Hosted by the publication’s managing editor, Ellen Kryger Fantini, the panel included the CEO and founder of the polling company eumatrix, Doru P. Frantescu, director of MCC Brussels Frank Füredi, political consultant and former Tory Party aide James Holland, as well as editor of the pro-market Brussels Report Pieter Cleppe.
Occurring less than three months before June’s European election, where national-conservative and populist parties are expected to get record results, topics discussed varied from the future of the EU’s already moribund Green Deal to the makeup of parliamentary groups and whether the liberal-left consensus that defined the previous five years would drag on.
Frantescu was pessimistic about the ability of Eurosceptic parties to live up to high expectations of achieving breakthroughs but was still certain that “everything to the right of the EPP” would do well as the era of complete liberal-left hegemony is coming to an end. He also remarked that the European Greens had achieved more legislative victories than even the centrist and far larger EPP group.
Commenting how increasingly the EU went from crisis to crisis rather than having a fixed plan, Holland broached the possibility of more parliamentary factions after June, including one for softer centre-right parties such as the Netherlands’ New Social Contract.
Holland also explained how energised populist factions both on the Right and Left could use committees of inquiry to better probe EU institutions.
One of the more optimistic voices regarding June’s predicted results, the MCC’s Füredi, stated that the elections will be the perfect opportunity to “embrace populism,” adding that farmers’ protests should lead populists to champion the abolition of the Green Deal rather than its further reform.
Füredi also praised the rise of France’s national-conservative Rassemblement National and the youthful energy of rising stars Jordan Bardella However, he said, turbulent geopolitical times means that the EU now has to focus on defence as the war in Ukraine challenges Brussels’ very legitimacy as a guarantor of peace on the European continent.
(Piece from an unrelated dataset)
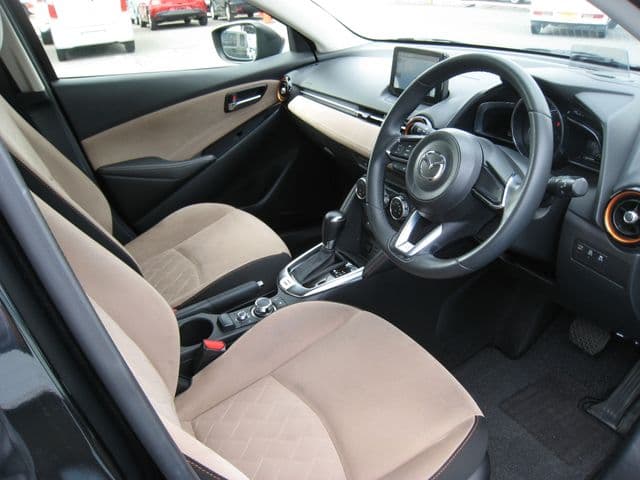Car thumbnail 2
As to the makeup of the next European Commission, the EU’s executive wing, Holland reminded the audience that the centrist EPP is currently in control of just one large state in Europe (Poland) and that Commission President Ursula von der Leyen will face a protracted period after June before she can secure a second term.
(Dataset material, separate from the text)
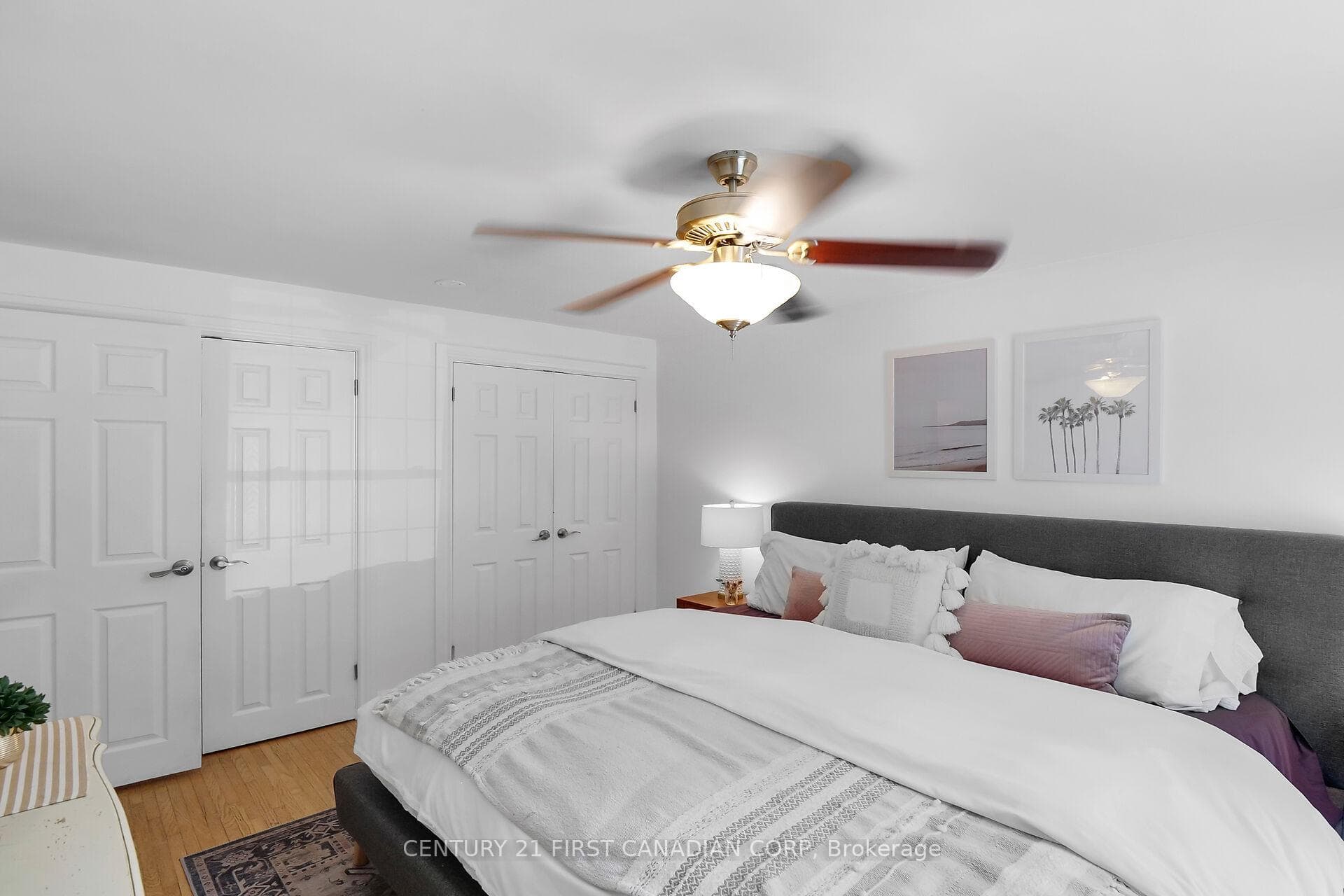 1394 Erindale Crescent photo 19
From the audience, VOX MEP Hermann Tertsch said June will be a “historic occasion” to bring the EPP to the right.
Migration, Russia’s invasion of Ukraine, and a swelling of agrarian anger at the EU’s Green Deal are setting the tempo for June’s democratic vote, as parties on the Right strategically eye an alliance with the centre to end five years of unparalleled leftist dominance in the halls of power in Brussels.